The system defines four logical animation states:
Idle
Trigger: No active animations or tasks
Files: Idle.fbx, Idle2.fbx, Happy Idle.fbx (random selection)
Loop: Yes
Description: Default state when the avatar is not actively processing or responding
Think
Trigger: When a message is received from a user
Files: Thinking.fbx
Loop: Yes
Description: Indicates the AI is processing the incoming message
Write
Trigger: When the LLM starts generating a response
Files: Texting While Standing.fbx, Texting.fbx (random selection)
Loop: Yes
Description: Indicates the AI is formulating and writing a response
Talk
Trigger: Can be triggered by components/plugins for speech output
Files: talking.fbx
Loop: Yes
Description: Indicates the avatar is speaking or vocalizing
Animation Flow
Standard Message Handling
User sends message → Backend triggers
THINKanimationLLM starts processing → Backend triggers
WRITEanimationResponse complete → Backend triggers
IDLEanimation (via context cleanup)
The animation flow is automatic and managed by the WebUI’s message handling logic.
Usage
Backend Usage
Components access the global KaradaStateServer instance:
from core.animation_handler import get_karada_state_server, AnimationState
# Get the server instance
handler = get_karada_state_server()
# Trigger an animation
await handler.transition_to(
AnimationState.THINK,
session_id="session_123",
context_id="my_context"
)
# Stop animation and return to idle
await handler.stop_animation("my_context", "session_123")
Context Management
The animation handler uses context IDs to track multiple concurrent animations. When all contexts are stopped, the handler automatically returns to Idle state.
Example:
# Start animation with context
await handler.play_animation(
AnimationState.WRITE,
session_id="session_123",
loop=True,
context_id="response_generation"
)
# Later, stop this context
await handler.stop_animation("response_generation", "session_123")
# If no other contexts are active, returns to Idle
Frontend WebSocket Protocol
The backend communicates animation state to connected WebUI clients through five distinct WebSocket message types. All messages are JSON objects.
vrm_animation — Play an animation
Emitted by KaradaStateServer._send_animation_command() whenever the active
animation changes. This is the primary playback command.
{
"type": "vrm_animation",
"file": "/skins/Rei/animations/think/Thinking.fbx",
"state": "think",
"loop": true,
"reset_eyes": true,
"descriptor": {
"intro": {"start_frame": 0, "end_frame": 15},
"loop": {"start_frame": 16, "end_frame": 60},
"outro": {"start_frame": 61, "end_frame": 90},
"fps": 30
},
Note
The descriptor object above comes directly from the companion
<animation>.fbx.json file located next to the FBX. that file is
the single source of truth for loop/intro/outro timings, fps, and
related metadata; duplicating the same values elsewhere is a bug.
When no descriptor file exists, the handler synthesises sensible
defaults (idle animations loop, other states play once, and the
implicit loop section spans frames 0–max).
- “animation_state”: {
“action”: “think”, “phase”: “loop”, “animation”: “/skins/Rei/animations/think/Thinking.fbx”, “descriptor”: { “…” : “…” }, “clip”: {“name”: “Thinking”, “duration”: 1.47, “fps”: 30.0}, “timing”: {“started_at”: “2026-03-04T12:00:00Z”, “time_in_clip”: 0.0, “current_frame”: 0}, “expressions”: [], “blink”: {“auto”: true}, “eye_movement”: {“auto”: true}, “emotions”: {“dominant”: “happy”, “values”: {“happy”: 7.5}}, “lipsync”: false, “priority”: 10, “source”: “core”
}
}
Note
The key is "file" (not "animation"). The legacy "type": "animation"

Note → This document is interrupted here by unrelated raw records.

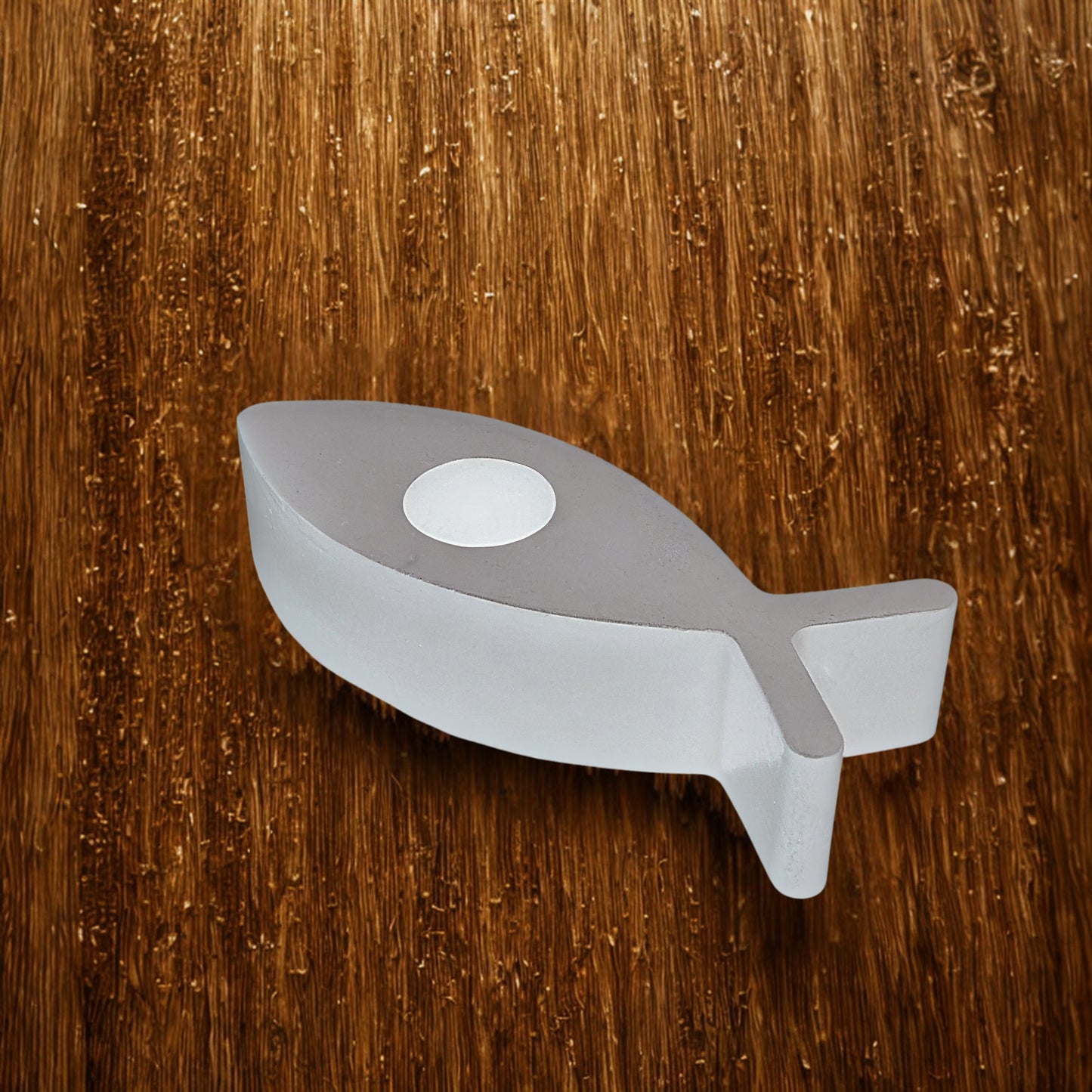 candle holder on a wooden surface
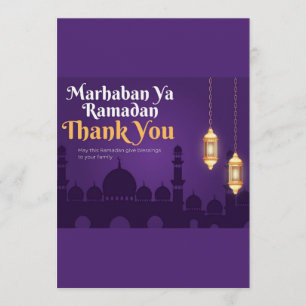 Convite Saudações Elegantes de Ramadan - Dourado Ramadan K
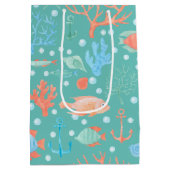 Unter dem Meeresfarbmuster Mittlere Geschenktüte (Rückseite)
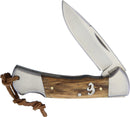 Cattleman's Sagebrush Folding Knife 2.5" Stainless Steel Blade Zebra Wood Handle 0092ZW -Cattleman's - Survivor Hand Precision Knives & Outdoor Gear Store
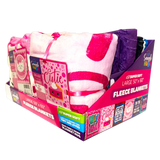 Kids Printed Blankets - 6 Pieces Per Retail Ready Display 24397 KIPP BROTHERS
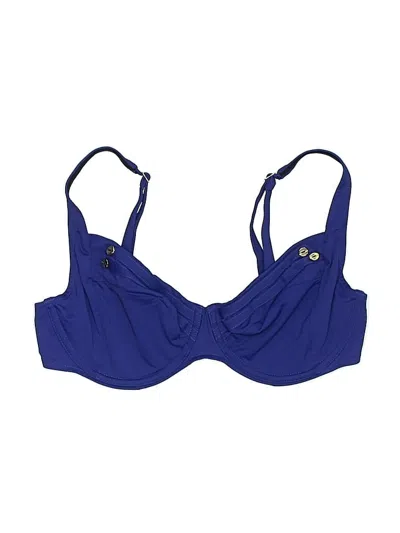 Pre-owned Assorted Brands Swimsuit Top Blue Swimwear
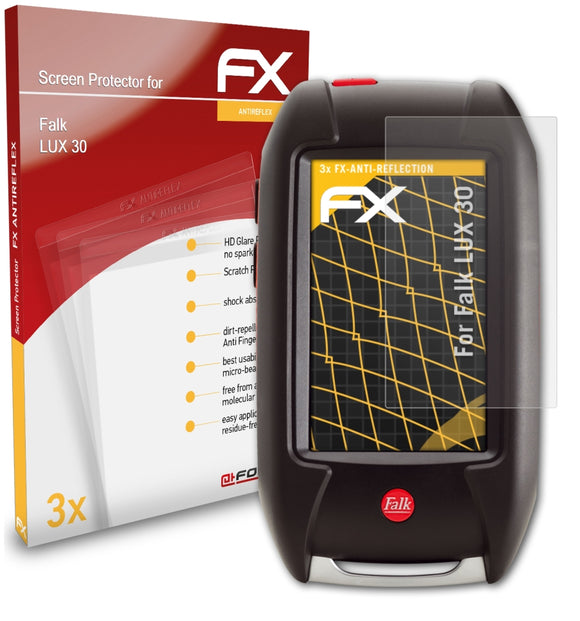 atFoliX FX-Antireflex Displayschutzfolie für Falk LUX 30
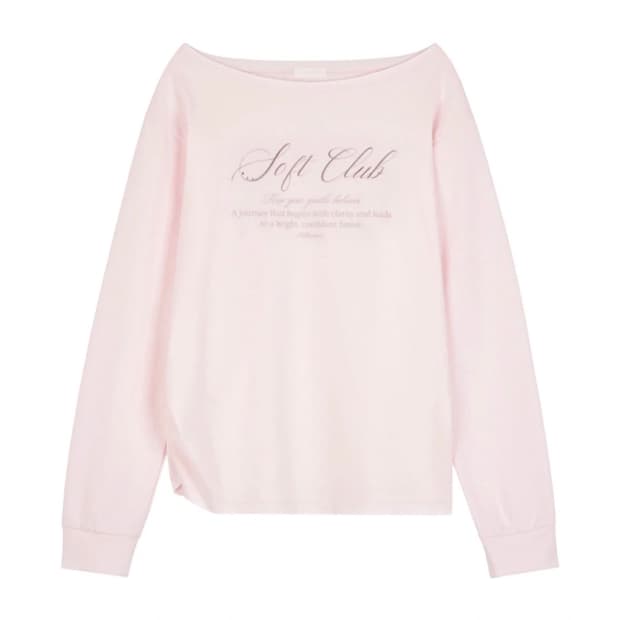 클리시어 소프트 클럽 원숄더 셔츠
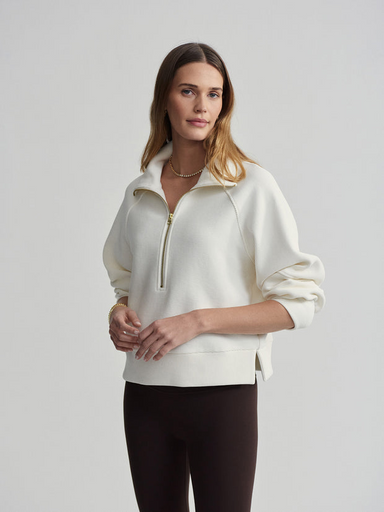 Varley Milano Half Zip - Ivory Sleepwear - Other Sleepwear - Loungewear by Varley | Grace the Boutique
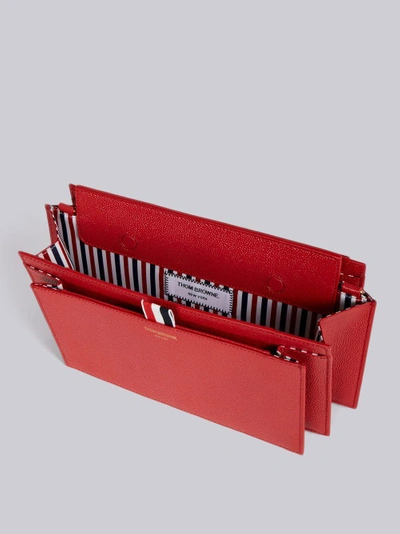 Shop Thom Browne Chain Strap Accordion Clutch In Red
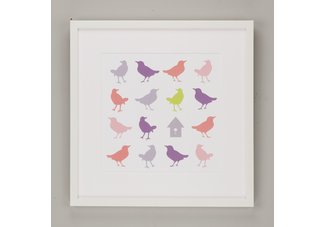 Birds" Animal Sudoku series framed art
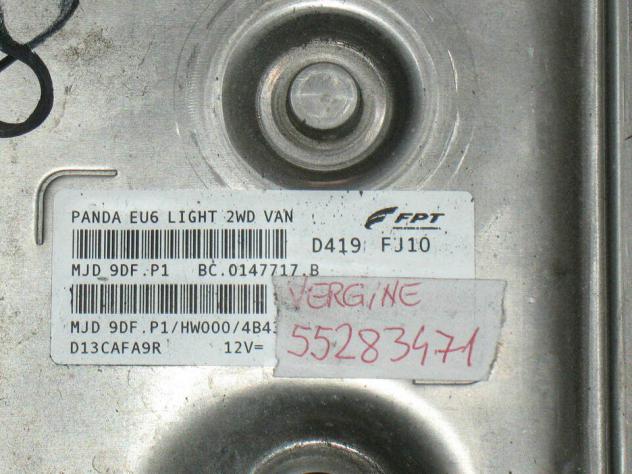 55283471 ECU FIAT PANDA 2WD 55283471 MJD 9DF.P1 HW000 - Foto 2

spelling is still accepted by chat-window.mjs for backwards compatibility,
but the backend always emits "vrm_animation".
reset_eyes is emitted only for targeted session plays (not broadcast), so
each client can perform a smooth eyes-reset when the animation changes. It is
not included in global broadcasts (session_id=None).
animation_state is populated only when a descriptor and/or emotions are
available. Clients should treat it as optional.
vrm_model — Set active VRM model
Emitted by KaradaStateServer.set_vrm_model() when the persona’s VRM changes.
{
"type": "vrm_model",
"name": "SyntH.vrm",
"url": "/avatars/SyntH.vrm",
"hash": "sha256:abc123"
}
The optional hash field allows clients to skip reloading an already-cached model.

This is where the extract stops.